Here is a wonderful reflexion of a broken heart man on St-Valentine’s Day. Who said women have the monopole of sadness?
Broken Heart
By Joseph Lestrange
What do you do on Valentine’s day when you have a broken heart?
For me, that’s not the real question because it’s not theoretical and, forgive me, it’s not about you that I’m thinking or anyone else. Let me try again. What do I do on Valentine’s day with a broken heart? Any ideas? What’s the un-version of roses, chocolate, dinner in a beautiful restaurant, holding hands and locking eyes, and making love? Is there an anti-Valentine, an antidote? Any ideas? I have none. The woman I loved and who loved me are no longer together. And it’s worse than that, you see. I still love her and she still loves me. No one left anyone, no one got bored, found another lover, got too busy.
It doesn’t really matter if I explain because it would make no sense, but I’ll say only this: it was about fear and the future and there, please, I’ll stop, close the door gently, ask you not to inquire any more than that. It’s between her and me, but the result is two broken hearts.

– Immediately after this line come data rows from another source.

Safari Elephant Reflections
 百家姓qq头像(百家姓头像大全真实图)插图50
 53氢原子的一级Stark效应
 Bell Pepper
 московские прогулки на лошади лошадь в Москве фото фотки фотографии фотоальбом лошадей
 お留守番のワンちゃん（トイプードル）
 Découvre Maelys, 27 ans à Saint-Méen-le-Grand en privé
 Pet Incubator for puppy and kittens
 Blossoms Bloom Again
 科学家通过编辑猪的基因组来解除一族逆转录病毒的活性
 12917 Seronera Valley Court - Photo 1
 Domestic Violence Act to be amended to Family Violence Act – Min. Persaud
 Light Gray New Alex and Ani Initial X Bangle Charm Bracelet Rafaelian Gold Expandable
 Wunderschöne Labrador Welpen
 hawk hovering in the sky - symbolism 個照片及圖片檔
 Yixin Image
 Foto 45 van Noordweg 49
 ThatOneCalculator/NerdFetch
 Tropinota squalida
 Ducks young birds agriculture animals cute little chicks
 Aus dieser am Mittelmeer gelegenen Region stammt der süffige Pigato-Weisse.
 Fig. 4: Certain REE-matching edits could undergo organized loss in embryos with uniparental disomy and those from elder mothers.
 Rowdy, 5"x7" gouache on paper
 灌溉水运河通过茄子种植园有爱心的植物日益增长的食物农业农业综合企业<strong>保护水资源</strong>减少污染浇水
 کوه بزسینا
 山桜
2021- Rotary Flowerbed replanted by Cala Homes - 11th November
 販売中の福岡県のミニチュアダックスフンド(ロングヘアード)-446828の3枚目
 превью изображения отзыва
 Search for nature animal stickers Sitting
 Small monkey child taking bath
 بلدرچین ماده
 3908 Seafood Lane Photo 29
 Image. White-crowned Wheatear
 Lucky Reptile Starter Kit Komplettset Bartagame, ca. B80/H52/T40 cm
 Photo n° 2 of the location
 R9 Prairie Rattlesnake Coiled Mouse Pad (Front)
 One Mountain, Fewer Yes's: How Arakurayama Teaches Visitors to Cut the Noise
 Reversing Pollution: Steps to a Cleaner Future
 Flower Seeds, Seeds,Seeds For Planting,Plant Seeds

And loneliness. No question, Valentine’s Day—like Christmas, the Fourth and Fourteenth of July, and Hallowe’en (at least in the States)—has become a commercial holiday, a swell excuse to sell us candy and flowers and manufactured romance peddled to us in mass-produced greeting cards and prix-fixe dinners with candles and, if you can bear it, violins. No one should need a day, or an excuse, to tell his lover how much he loves her, to give her flowers or anything else she might love to have, to be in love and show it. But the day has also become an emblem, a day not to be without a lover, not to be alone, sad, disappointed. Any day is a good one, rain or shine, to walk down the street les yeux dans les yeux et la main dans la main, but it stings a lot more on Valentine’s Day not to do it, not to be one of those “amoureux des bancs publics” that the subversive Brassens used to sing about, not caring in the least if the whole world watched them make out on a bench in le Luco or le Parc Monceau or perched on the homely fountain in la Place de la Réunion or the jungle gym in le Square Maurice Gardette. Any time, any place, anywhere.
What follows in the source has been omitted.